TASK REQUIREMENTS >>
Task for the records below: please copy exactly, and only, the lines from the one containing "Slide: The Image" to the last line, both included, leaving out the pictures.

GIVEN RECORDS >>

----------

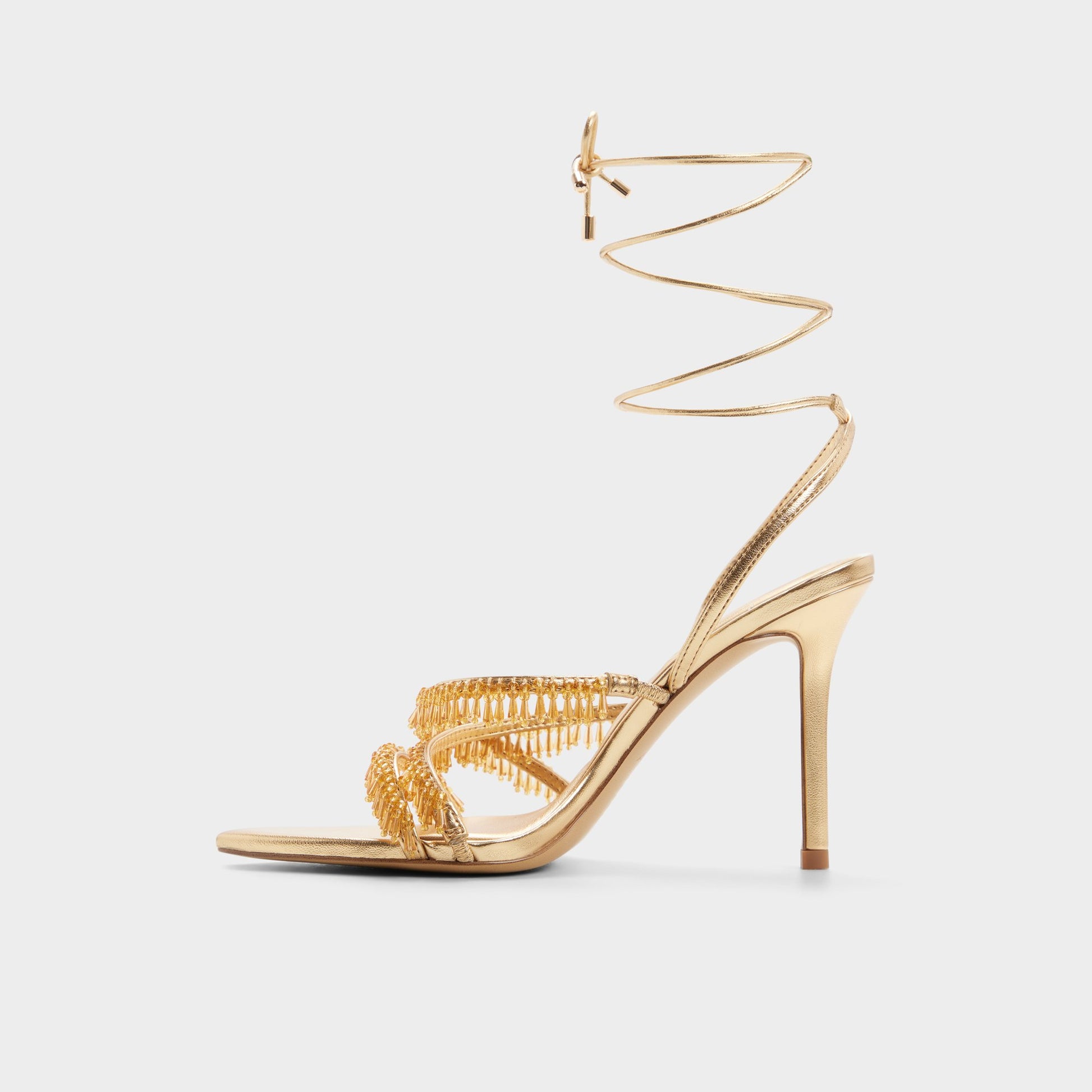 Side view of Gold Flaming Strappy heeled sandal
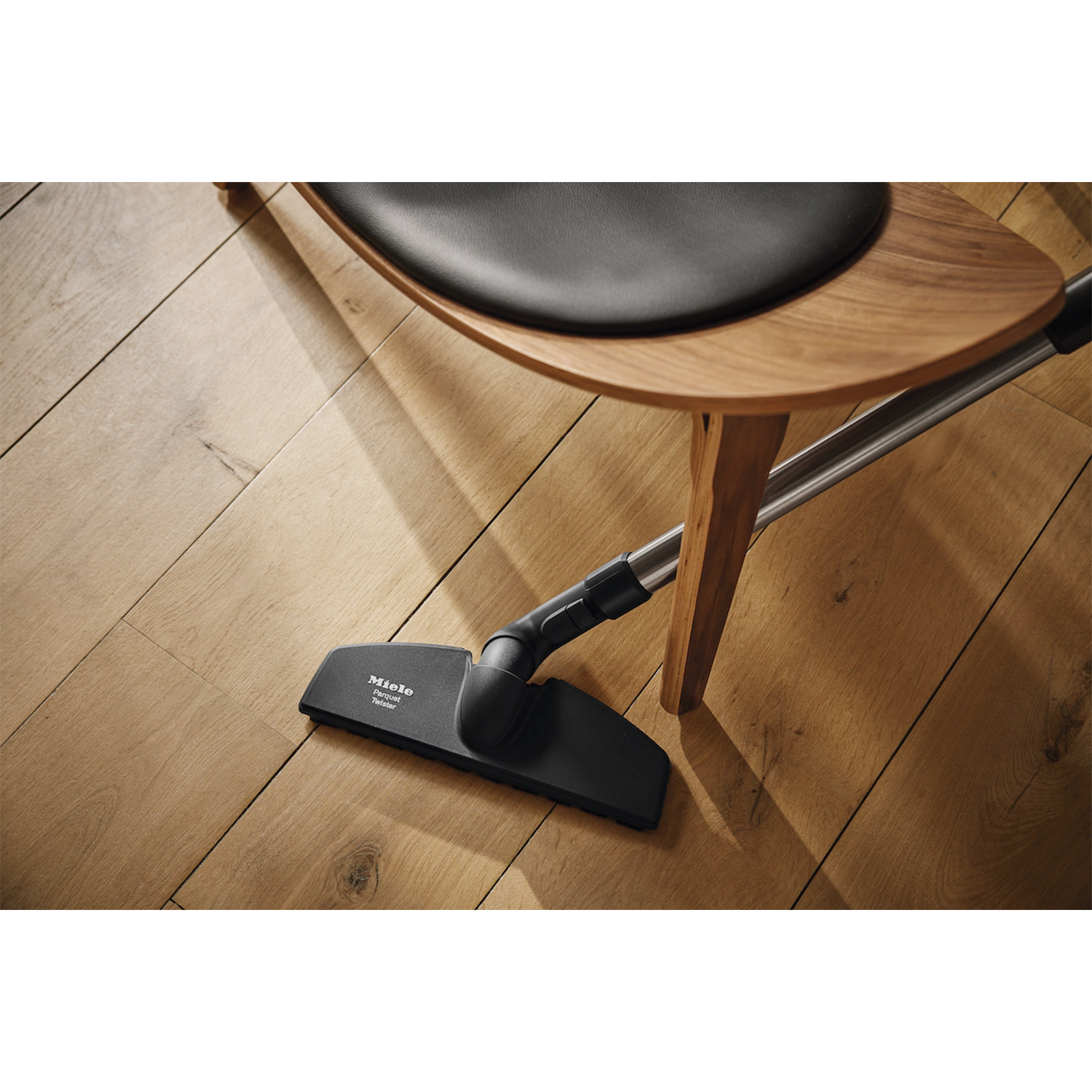 Głowica odkurzacza znajduje się na drewnianej podłodze w pobliżu drewnianego krzesła. Podłoga jest jasnobrązowa. Krzesło ma czarne siedzisko.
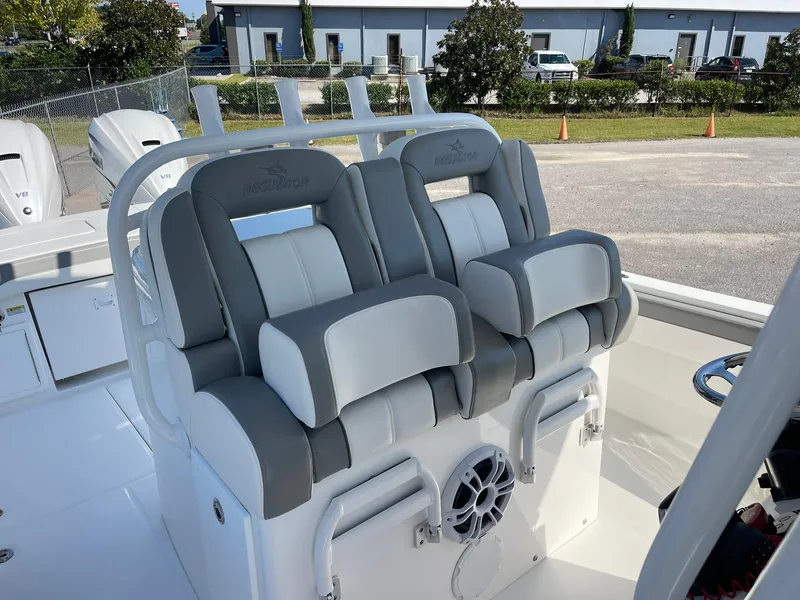 Slide: The Image of 2022 Regulator 31 boat with dual cushioned seats and speaker system. - 8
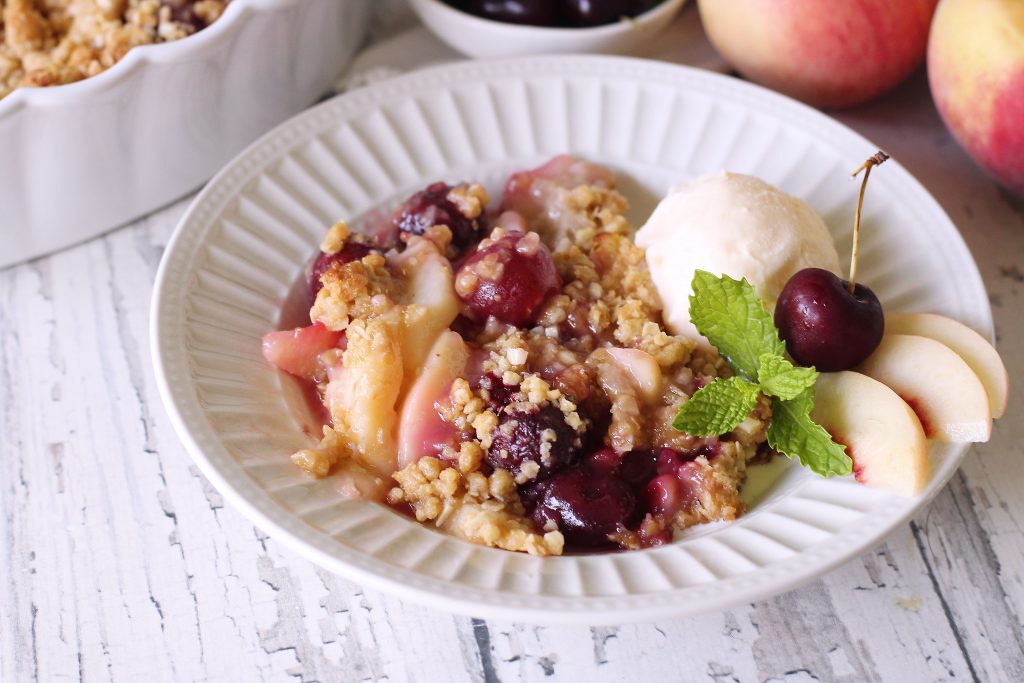 Peach and Cherry crisp in a white bowl topped with ice cream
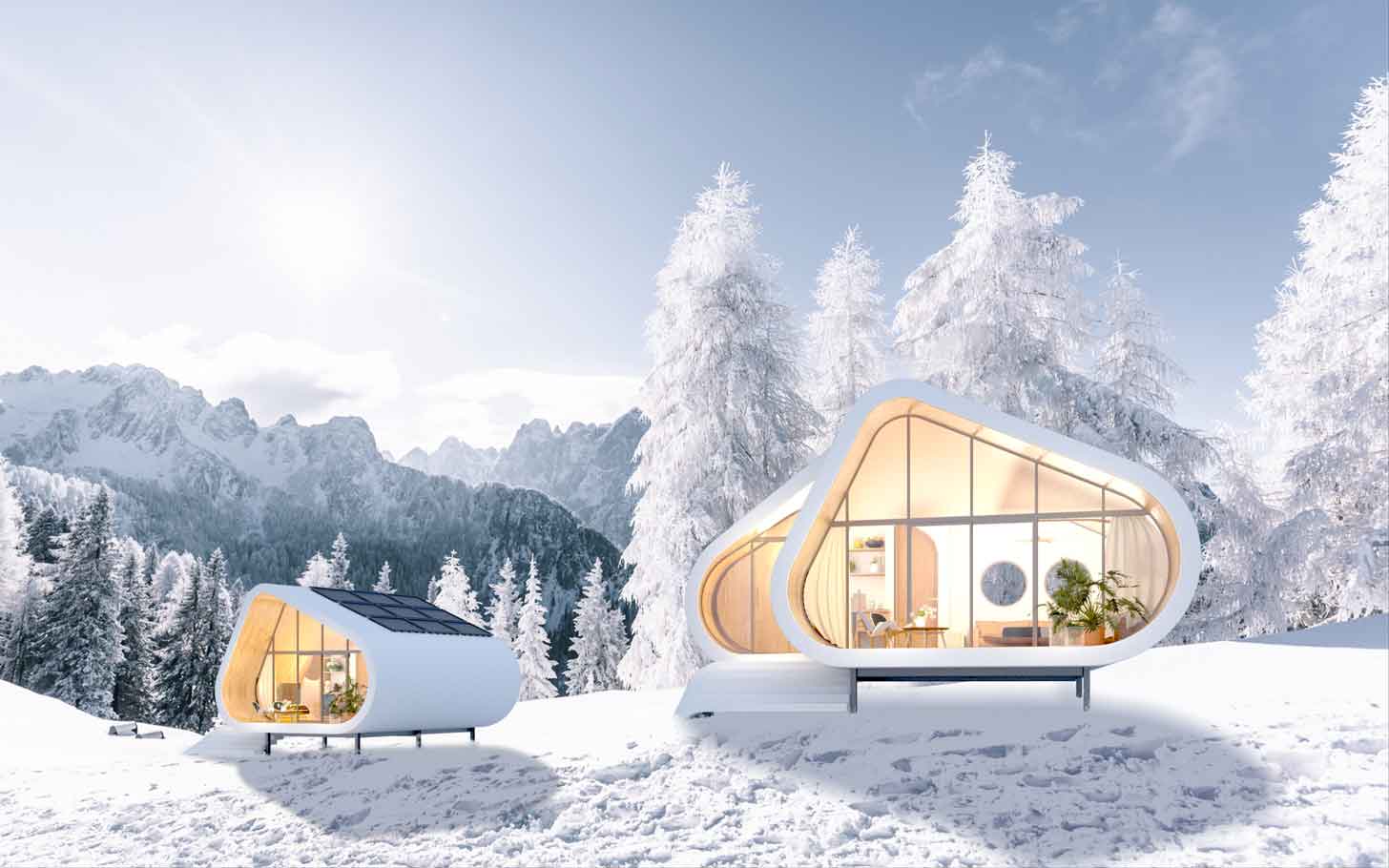 A rendering of two pod-like homes on a snowy terrain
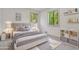 Neutral bedroom features stylish decor, soft gray hues, and natural light at 2934 Wendover St, Marietta, GA 30062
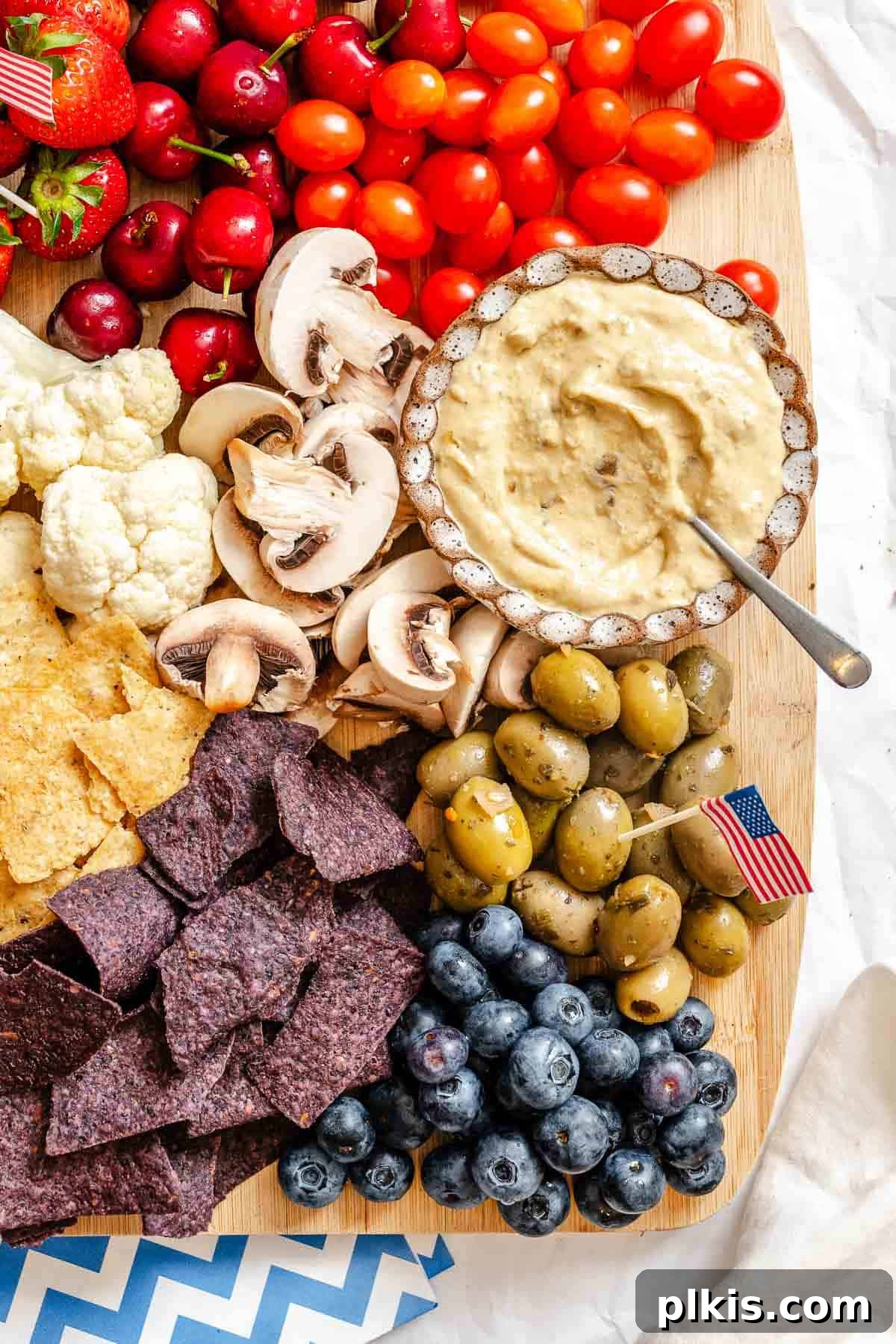 Red, White & Blue Charcuterie Board 5 The fully assembled 4th of July Charcuterie Board, glistening with fresh red, white, and blue ingredients, ready to be enjoyed.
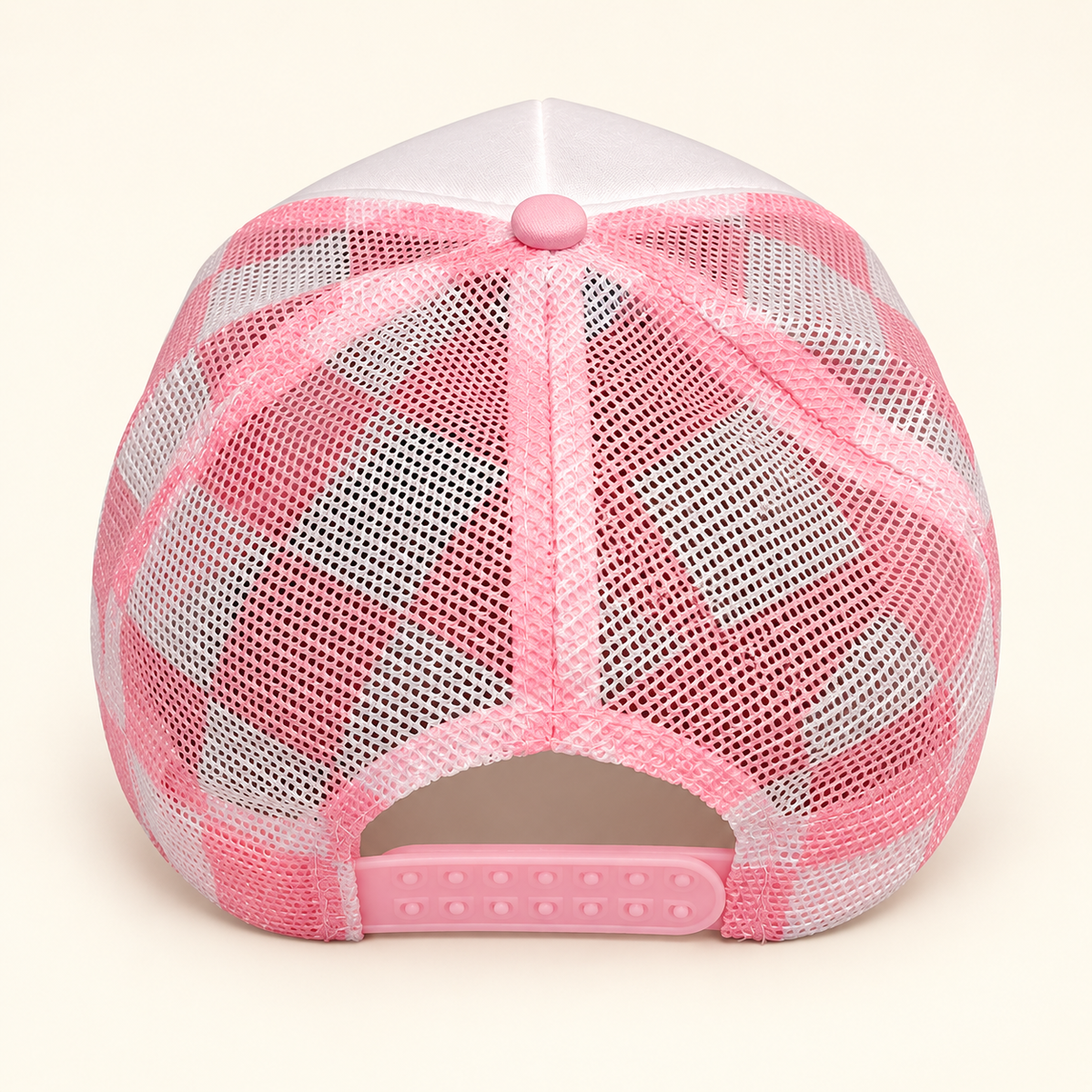 Rear view of the pink plaid FERAL trucker hat showing the checked mesh and adjustable pink snapback closure.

----------

RESPONSE TO THE EXERCISE >>
 Slide: The Image of 2022 Regulator 31 boat with dual cushioned seats and speaker system. - 8
 Peach and Cherry crisp in a white bowl topped with ice cream
 A rendering of two pod-like homes on a snowy terrain
 Neutral bedroom features stylish decor, soft gray hues, and natural light at 2934 Wendover St, Marietta, GA 30062
 Red, White & Blue Charcuterie Board 5 The fully assembled 4th of July Charcuterie Board, glistening with fresh red, white, and blue ingredients, ready to be enjoyed.
 Rear view of the pink plaid FERAL trucker hat showing the checked mesh and adjustable pink snapback closure.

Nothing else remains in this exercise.